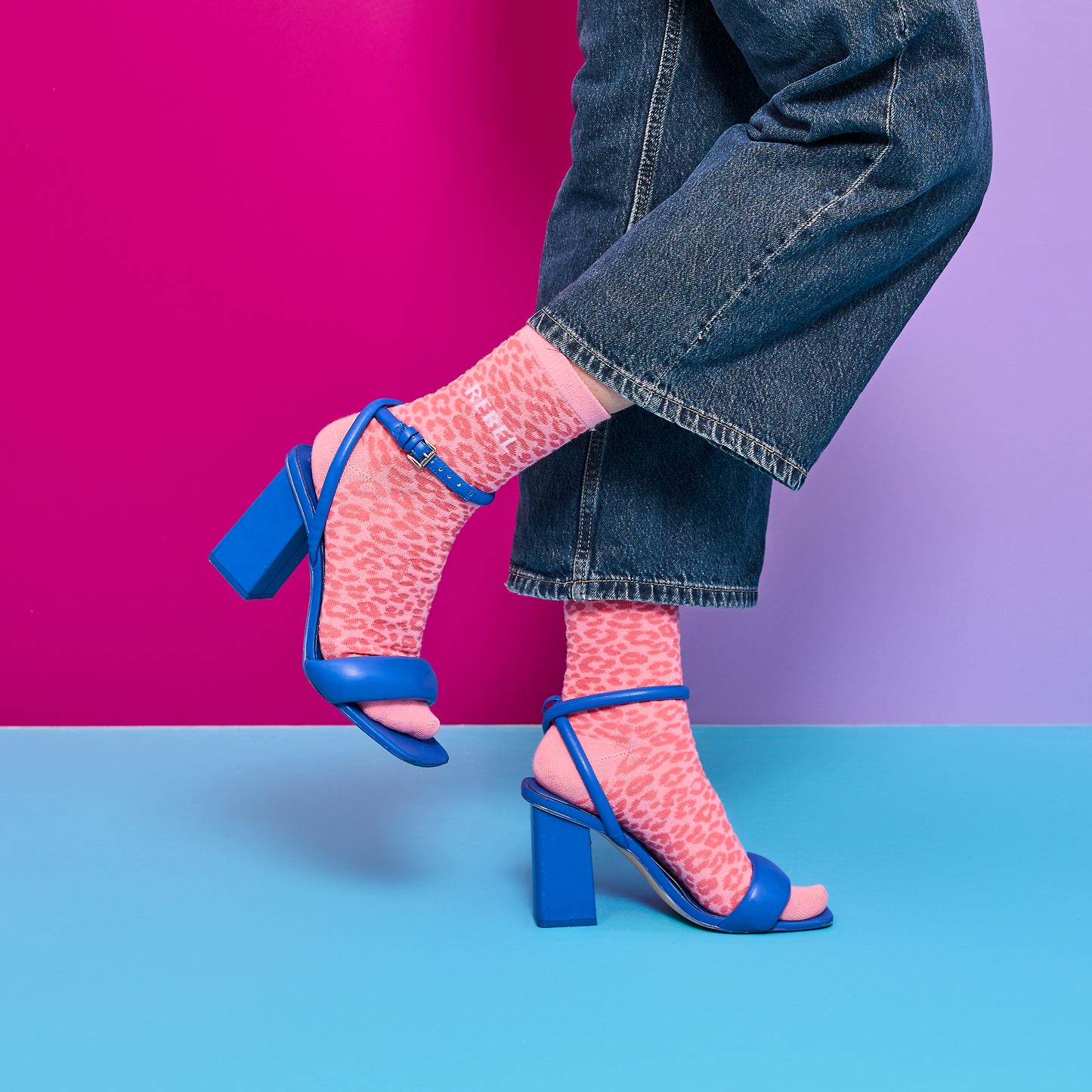 COFFRET DE 6 CHAUSSETTES KPOP 35-39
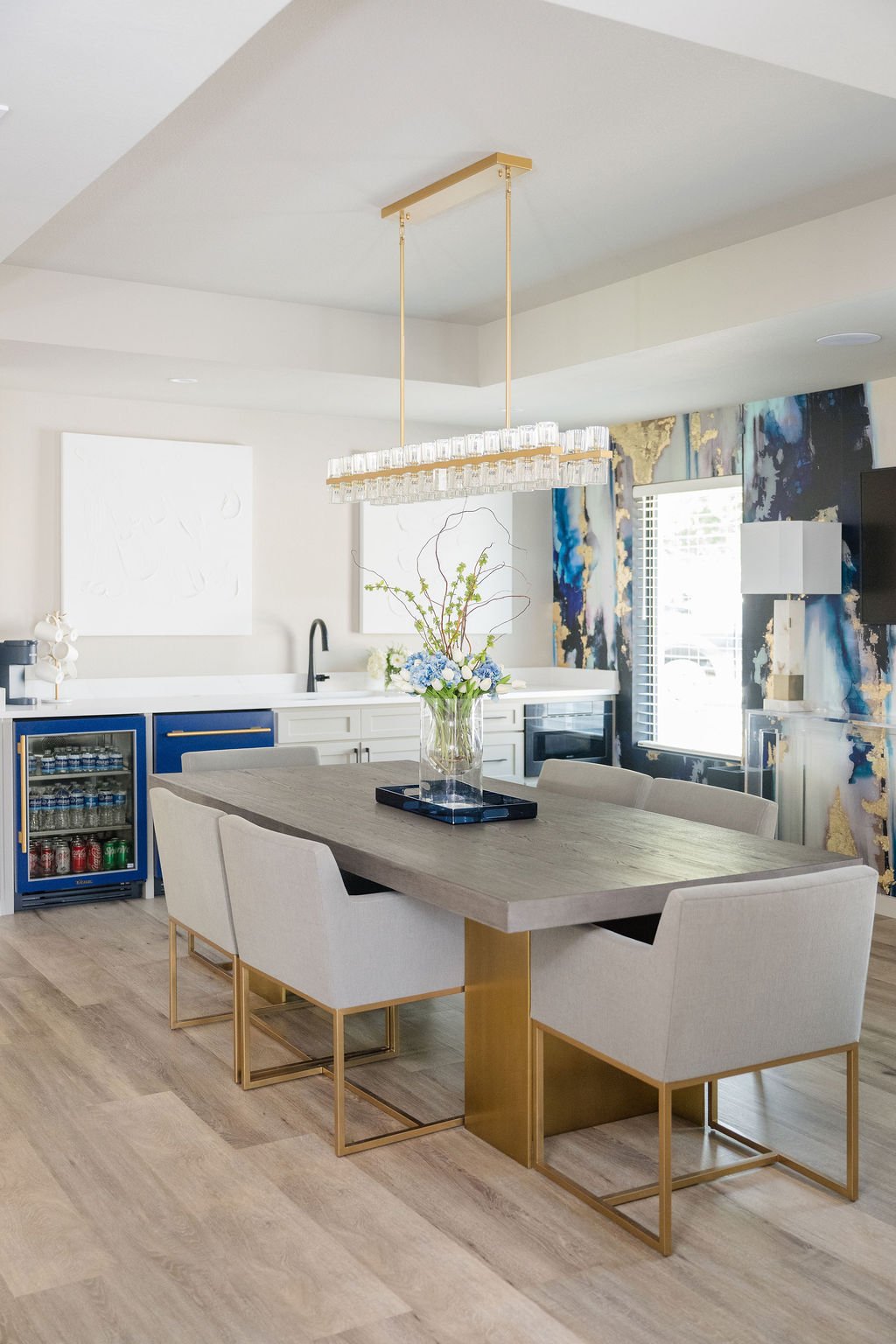 Wichita Falls Kitchenette with Modern Dining Table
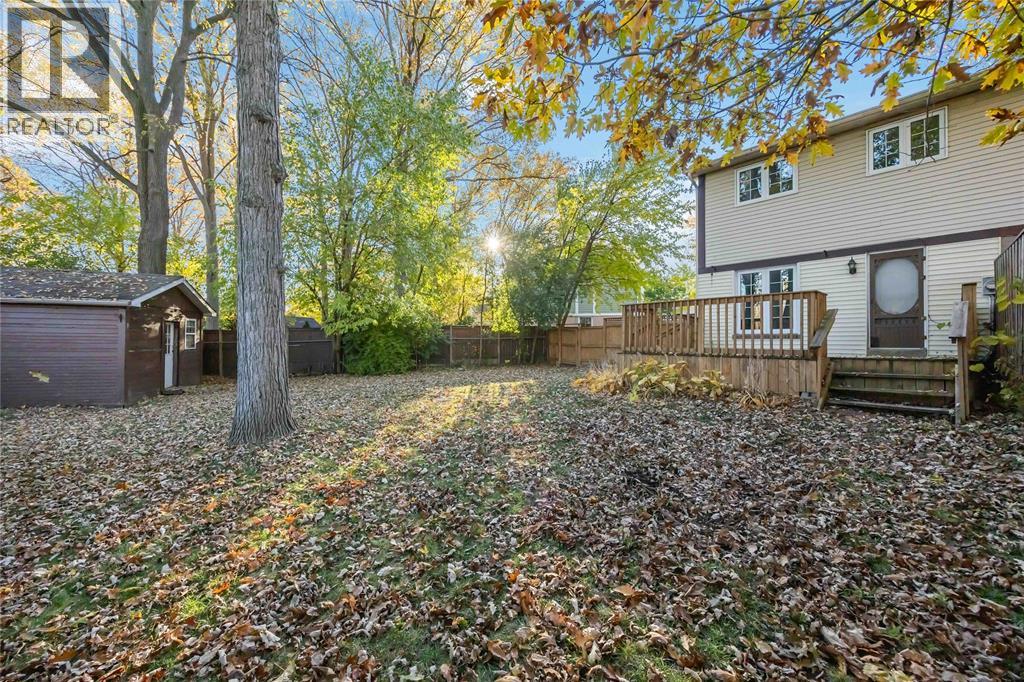 124 FAIRVIEW PLACE, Sarnia, Ontario, N7S4E1 — Photo 2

= = = = = = =

__Task goal__
Every line of the data should be transcribed exactly. Omit the images.

__Response__
 COFFRET DE 6 CHAUSSETTES KPOP 35-39
 Wichita Falls Kitchenette with Modern Dining Table
 124 FAIRVIEW PLACE, Sarnia, Ontario, N7S4E1 — Photo 2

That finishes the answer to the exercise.